3800 metre yükseklikten başlayarak Elbrus'un zirvesine (5642 metre) tırmanmak için iklime alışmış sağlıklı bir kişinin ortalama 12 saate ihtiyacı olacaktır. Yani hız normale göre saatte 130 metreye düşecek.

Bu rakamları karşılaştırdığımızda yüksekliğin vücudumuzu ne kadar ciddi şekilde etkilediğini anlamak zor değil.

Bu bahar Everest'te onuncu turist öldü

Neden yükseğe çıktıkça hava daha da soğuyor?

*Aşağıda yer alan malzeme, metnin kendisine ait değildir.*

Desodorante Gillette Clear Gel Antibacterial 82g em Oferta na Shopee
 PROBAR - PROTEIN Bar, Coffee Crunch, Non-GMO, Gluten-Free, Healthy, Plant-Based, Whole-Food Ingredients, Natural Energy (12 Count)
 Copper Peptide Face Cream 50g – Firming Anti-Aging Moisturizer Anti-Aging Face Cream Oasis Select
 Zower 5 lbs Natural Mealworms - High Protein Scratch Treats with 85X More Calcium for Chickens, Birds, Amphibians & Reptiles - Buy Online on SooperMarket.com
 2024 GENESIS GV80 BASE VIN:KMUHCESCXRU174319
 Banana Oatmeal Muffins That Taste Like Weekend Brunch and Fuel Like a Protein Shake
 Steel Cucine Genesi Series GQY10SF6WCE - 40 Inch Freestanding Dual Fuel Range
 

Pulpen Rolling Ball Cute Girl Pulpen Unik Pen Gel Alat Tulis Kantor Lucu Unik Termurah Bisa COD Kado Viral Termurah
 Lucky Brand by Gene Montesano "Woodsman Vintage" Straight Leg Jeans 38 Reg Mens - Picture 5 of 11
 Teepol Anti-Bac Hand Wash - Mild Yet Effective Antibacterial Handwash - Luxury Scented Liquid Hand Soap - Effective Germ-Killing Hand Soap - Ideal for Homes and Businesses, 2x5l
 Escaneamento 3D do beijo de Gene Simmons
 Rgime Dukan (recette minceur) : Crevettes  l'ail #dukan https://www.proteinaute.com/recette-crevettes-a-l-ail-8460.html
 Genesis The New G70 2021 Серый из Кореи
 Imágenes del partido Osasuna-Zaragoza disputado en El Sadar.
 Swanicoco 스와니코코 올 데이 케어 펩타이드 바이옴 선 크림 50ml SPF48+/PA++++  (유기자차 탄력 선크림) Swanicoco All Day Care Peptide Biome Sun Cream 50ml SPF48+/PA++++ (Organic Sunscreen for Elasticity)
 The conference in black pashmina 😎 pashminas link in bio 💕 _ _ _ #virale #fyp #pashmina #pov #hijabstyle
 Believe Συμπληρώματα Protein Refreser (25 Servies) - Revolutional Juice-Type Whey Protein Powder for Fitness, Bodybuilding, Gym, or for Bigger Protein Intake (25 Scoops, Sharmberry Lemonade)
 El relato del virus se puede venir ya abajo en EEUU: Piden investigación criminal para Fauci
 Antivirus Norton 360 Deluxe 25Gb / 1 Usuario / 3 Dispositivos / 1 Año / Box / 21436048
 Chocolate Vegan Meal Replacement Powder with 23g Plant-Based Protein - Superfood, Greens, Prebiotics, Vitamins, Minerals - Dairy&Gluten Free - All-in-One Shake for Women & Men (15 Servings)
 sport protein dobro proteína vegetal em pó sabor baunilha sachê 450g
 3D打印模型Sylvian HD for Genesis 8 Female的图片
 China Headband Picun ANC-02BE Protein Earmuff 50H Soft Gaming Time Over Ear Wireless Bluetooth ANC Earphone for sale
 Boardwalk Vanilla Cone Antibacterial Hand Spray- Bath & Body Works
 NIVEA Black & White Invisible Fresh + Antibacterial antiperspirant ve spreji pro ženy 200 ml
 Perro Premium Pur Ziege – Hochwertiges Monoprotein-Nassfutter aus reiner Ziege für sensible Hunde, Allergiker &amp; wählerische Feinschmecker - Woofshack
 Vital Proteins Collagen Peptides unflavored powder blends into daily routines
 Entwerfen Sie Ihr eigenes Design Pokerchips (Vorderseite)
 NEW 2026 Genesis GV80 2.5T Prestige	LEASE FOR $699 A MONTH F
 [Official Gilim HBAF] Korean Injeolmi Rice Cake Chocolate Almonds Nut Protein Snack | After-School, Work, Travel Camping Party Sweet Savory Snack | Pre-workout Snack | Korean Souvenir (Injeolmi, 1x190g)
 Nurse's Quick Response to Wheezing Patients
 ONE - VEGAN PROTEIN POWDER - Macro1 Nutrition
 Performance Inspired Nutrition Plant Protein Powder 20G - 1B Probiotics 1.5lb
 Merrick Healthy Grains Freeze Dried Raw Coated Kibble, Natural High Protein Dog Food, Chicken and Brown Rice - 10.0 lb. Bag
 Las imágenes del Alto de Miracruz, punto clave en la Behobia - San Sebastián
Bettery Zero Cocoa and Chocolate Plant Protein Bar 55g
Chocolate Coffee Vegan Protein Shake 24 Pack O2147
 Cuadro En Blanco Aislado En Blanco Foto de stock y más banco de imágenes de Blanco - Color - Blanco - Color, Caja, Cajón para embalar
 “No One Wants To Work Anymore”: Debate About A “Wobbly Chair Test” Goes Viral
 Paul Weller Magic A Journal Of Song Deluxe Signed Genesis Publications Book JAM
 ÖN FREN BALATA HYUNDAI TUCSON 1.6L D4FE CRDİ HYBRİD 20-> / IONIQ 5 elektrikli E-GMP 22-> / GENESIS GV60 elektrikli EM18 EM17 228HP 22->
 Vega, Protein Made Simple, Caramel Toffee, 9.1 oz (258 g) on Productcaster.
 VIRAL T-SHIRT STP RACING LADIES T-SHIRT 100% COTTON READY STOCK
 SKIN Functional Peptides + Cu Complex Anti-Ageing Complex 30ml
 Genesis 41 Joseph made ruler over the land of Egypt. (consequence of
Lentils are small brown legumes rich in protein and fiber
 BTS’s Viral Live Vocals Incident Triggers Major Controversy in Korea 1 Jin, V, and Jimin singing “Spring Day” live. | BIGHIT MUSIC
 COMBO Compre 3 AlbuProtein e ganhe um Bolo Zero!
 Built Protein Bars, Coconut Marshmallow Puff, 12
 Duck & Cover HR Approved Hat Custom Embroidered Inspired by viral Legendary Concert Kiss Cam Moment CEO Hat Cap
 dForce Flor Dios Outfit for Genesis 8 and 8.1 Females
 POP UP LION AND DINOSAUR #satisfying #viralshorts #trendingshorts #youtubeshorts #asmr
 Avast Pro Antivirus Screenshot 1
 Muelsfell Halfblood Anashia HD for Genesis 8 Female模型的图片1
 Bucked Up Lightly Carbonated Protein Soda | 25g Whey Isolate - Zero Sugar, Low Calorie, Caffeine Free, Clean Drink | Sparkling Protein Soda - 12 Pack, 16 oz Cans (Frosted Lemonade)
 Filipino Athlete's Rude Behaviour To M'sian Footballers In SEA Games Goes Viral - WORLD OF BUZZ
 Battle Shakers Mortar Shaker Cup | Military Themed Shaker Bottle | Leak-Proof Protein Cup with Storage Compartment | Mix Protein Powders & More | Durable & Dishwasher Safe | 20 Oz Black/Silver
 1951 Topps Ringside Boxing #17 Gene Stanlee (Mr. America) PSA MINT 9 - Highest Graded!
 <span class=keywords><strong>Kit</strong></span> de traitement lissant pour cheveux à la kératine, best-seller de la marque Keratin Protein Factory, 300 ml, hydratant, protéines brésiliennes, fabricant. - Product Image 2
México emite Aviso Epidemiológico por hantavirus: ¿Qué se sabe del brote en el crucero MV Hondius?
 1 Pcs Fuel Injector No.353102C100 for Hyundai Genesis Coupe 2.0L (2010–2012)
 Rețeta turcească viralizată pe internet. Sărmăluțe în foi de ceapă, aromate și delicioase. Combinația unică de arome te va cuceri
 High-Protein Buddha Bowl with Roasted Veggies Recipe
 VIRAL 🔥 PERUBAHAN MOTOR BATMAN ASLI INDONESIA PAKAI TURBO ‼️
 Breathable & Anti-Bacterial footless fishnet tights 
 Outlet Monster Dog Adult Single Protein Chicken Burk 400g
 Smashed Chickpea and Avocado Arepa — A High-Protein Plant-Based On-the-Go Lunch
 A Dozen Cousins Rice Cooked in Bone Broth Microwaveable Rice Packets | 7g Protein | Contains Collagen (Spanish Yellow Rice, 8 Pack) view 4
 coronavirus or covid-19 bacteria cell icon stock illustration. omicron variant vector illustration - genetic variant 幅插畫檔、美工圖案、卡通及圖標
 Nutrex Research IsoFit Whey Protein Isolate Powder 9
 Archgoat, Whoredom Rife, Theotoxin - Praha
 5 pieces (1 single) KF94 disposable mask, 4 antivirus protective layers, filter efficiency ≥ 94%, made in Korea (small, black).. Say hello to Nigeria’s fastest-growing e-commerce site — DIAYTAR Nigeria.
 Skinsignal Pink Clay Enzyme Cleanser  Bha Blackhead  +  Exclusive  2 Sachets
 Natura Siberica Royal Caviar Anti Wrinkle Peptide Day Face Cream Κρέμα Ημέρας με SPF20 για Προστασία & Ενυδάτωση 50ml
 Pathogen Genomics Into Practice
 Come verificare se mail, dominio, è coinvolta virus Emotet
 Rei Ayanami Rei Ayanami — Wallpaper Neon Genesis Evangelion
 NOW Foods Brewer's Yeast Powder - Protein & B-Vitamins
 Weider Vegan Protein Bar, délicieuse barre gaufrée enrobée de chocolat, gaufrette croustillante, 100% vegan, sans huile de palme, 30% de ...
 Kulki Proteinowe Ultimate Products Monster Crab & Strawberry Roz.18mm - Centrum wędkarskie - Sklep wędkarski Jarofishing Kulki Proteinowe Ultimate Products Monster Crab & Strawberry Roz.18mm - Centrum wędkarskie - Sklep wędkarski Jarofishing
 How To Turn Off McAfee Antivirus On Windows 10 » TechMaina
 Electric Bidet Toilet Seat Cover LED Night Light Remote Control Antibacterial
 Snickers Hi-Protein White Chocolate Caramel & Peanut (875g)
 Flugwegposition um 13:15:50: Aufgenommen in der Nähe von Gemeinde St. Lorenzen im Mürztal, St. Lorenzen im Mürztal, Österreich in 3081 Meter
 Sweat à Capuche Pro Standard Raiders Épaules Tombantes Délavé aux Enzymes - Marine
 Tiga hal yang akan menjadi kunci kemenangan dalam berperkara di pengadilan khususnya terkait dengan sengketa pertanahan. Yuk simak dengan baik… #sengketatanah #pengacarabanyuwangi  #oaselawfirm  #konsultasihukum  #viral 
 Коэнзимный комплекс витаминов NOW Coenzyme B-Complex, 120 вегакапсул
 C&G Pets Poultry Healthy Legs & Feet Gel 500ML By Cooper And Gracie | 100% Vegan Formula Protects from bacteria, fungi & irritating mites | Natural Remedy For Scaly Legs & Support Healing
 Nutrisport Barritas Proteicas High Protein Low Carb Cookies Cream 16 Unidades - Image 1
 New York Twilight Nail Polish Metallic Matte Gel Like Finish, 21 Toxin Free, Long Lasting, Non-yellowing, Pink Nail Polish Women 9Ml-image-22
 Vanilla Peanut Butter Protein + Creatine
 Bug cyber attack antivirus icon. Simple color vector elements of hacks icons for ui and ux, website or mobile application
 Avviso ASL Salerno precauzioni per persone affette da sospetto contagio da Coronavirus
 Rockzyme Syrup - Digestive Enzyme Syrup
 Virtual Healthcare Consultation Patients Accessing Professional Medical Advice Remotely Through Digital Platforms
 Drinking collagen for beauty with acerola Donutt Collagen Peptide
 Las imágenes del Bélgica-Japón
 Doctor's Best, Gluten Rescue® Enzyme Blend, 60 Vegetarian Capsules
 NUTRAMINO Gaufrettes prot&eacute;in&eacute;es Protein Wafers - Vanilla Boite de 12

Dağlara hiç gitmemiş olanlar bile dağ havasının başka bir özelliğini bilirler - ne kadar yüksekse o kadar soğuktur. Bu neden oluyor, çünkü güneşe yaklaştıkça havanın daha fazla ısınması gerekir.

Mesele şu ki ısıyı havadan değil, çok zayıf bir şekilde ısınıyor, dünyanın yüzeyinden hissediyoruz. Yani güneş ışını yukarıdan, hava yoluyla gelir ve onu ısıtmaz.

Ve toprak veya su bu ışını alır, yeterince çabuk ısınır ve havaya ısı verir. Dolayısıyla ovadan ne kadar yüksekte olursak, topraktan aldığımız ısı o kadar az olur.

Inna Lobanova, Natalya Loskutnikova



Fok
Konunun devamı:
Alçı

Herkes tahılların ne olduğunu bilir. Sonuçta insan bu bitkileri 10 bin yıldan daha uzun bir süre önce yetiştirmeye başladı. Bu nedenle tahıllara buğday, çavdar, arpa, pirinç gibi isimler veriliyor.